Ukraine is largely a drone war, while the U.S. and allies struggle to supply much costlier conventional weapons. China is modernizing its forces with a ferocity too few Americans appreciate, spanning land, air, sea and space capabilities, as well as electronic and information warfare. At home, our citizens and infrastructure face looming threats from attritable systems.

As sobering as these perils are, the U.S. already has the means to achieve step changes in mission effectiveness and deterrence, using directed energy (defined as concentrated beams of electromagnetic energy). Legacy military applications mostly focused on jamming communications and face barriers to achieving more comprehensive effects.

Today, thanks to five years of dramatic advances in directed energy, we stand at a pivotal moment, as high-power microwave capabilities enter the spotlight. Directed energy will define the next era of defense.

While the ability to take down a drone with a single pulse is critical today, it only hints at the paradigm shift that is happening. In conventional warfare, the ultimate measure of capabilities was land, sea, or air supremacy. Owning the electromagnetic spectrum means owning each of these and more.

Recent tests have demonstrated the ability to take down swarms of drones with surgical precision, with a path to scale to hundreds, even thousands of drones. This represents a massive step forward for our military, and indicate how close the U.S. is to a range of HPM applications that read like sci-fi, but are within reach given sufficient Defense Department investment:

— Disabling the guidance systems of enemy missiles at great distances.

— Airborne systems that can disarm thousands of mines over a large area.

— A single missile that can fly over a convoy, “firing” tens of thousands of pulses and rendering vehicles and devices useless until their microchips can be replaced.

— A system to accompany satellites, making them virtually impossible to target.

If, as B.H. Liddell Hart wrote in 1952, “the object in war is a better state of peace”, directed energy can achieve it by consigning our enemies to pre-industrial futility.

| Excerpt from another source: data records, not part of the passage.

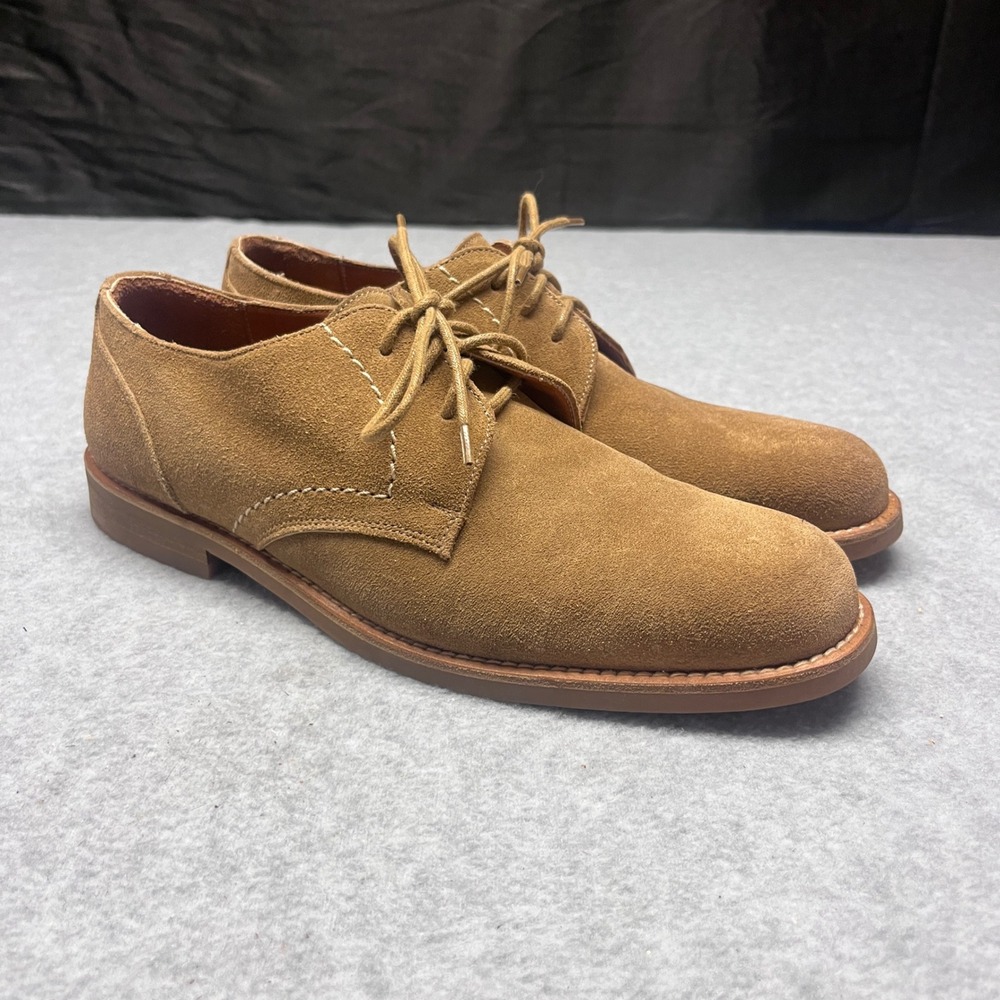 Coach 205 Womens Tan Suede Derby Oxford Lace Up Shoes Made in Italy Size 9N
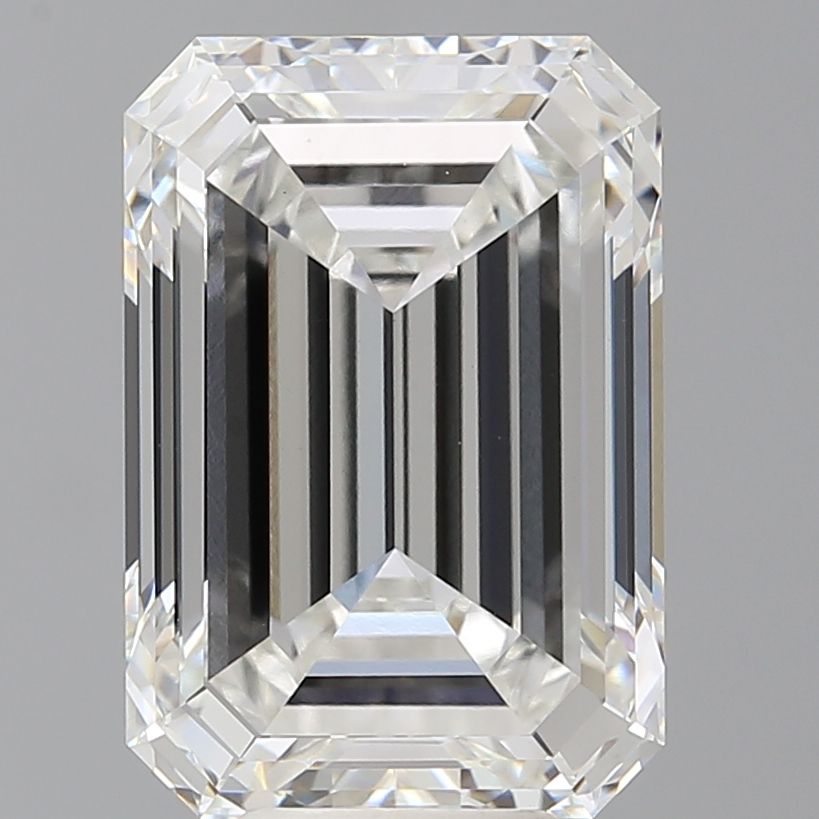 8.01 ct. emerald Lab Grown Diamond front image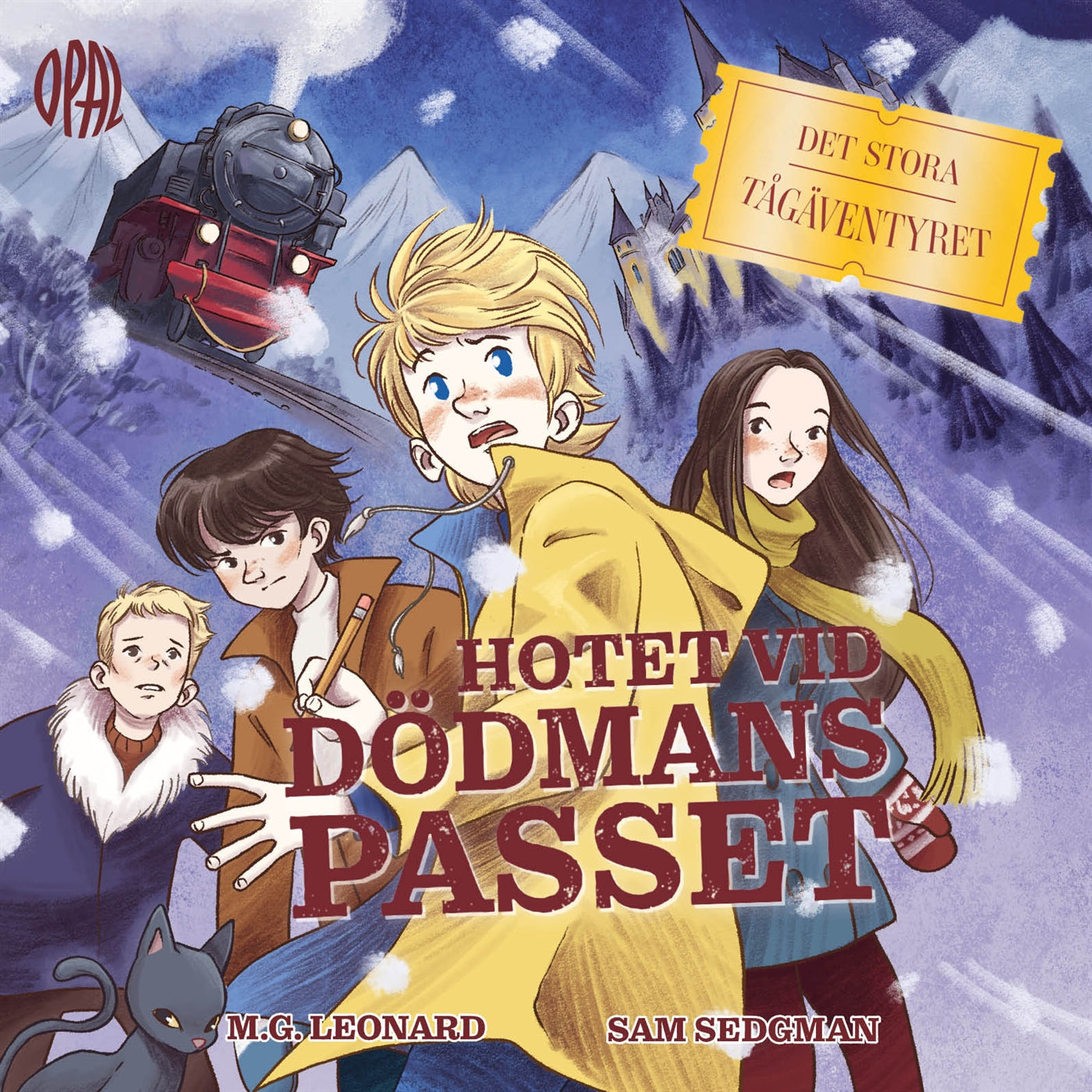 Det stora tågäventyret - Hotet vid Dödmanspasset – Ljudbok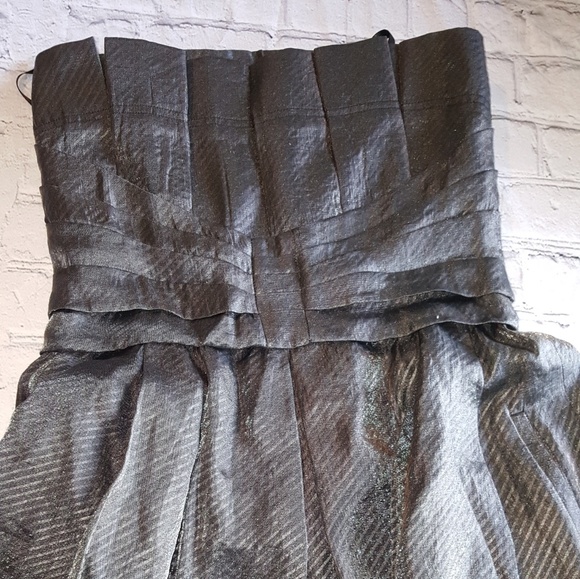 BCBG size 4 dress strapless charcoal grey - Picture 1 of 6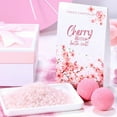 thumbnail image 4 of Spa Gift Baskets for Women Valentine's Day, 10 Pcs Cherry Blossom Bath Sets, Luxury Birthday Body Care Gift Sets for Her, 4 of 10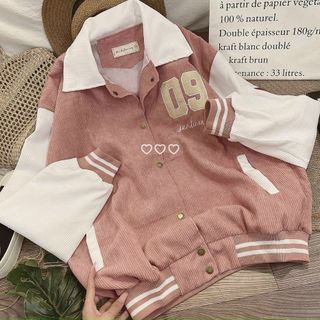 Áo khoác nhung 2 lớp kiểu cổ bẻ form 70kg logo thêu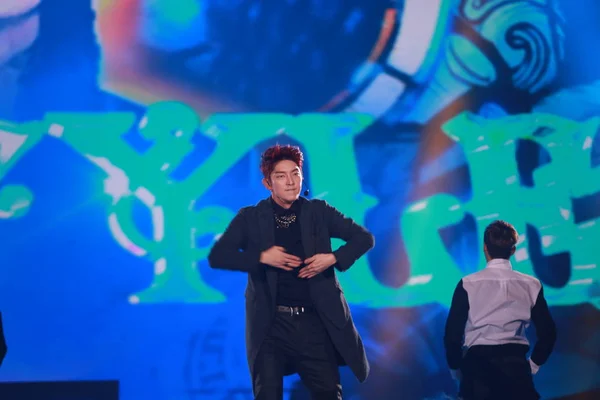 Cantor Ator Sul Coreano Lee Joon Apresenta Durante Concerto Ano — Fotografia de Stock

The scenarios above are all conceivable thanks to a state of the art that now consists of software-defined, frequency agile, solid state, HPM systems. Being software-defined creates the ability to dynamically direct energy to specific targets, at specific frequencies, using machine intelligence. Digital beam-forming provides the agility to switch between targets. Solid state HPMs are portable and rugged enough to fit on a flatbed, without heavy thermal management infrastructure. They boast unlimited “magazines”, are accurate at distance, don’t produce obvious signatures, and minimize collateral damage. They are cheap, fast to start and upgrade, and cost pennies in energy per action. Far from degrading, they get smarter with repeated use.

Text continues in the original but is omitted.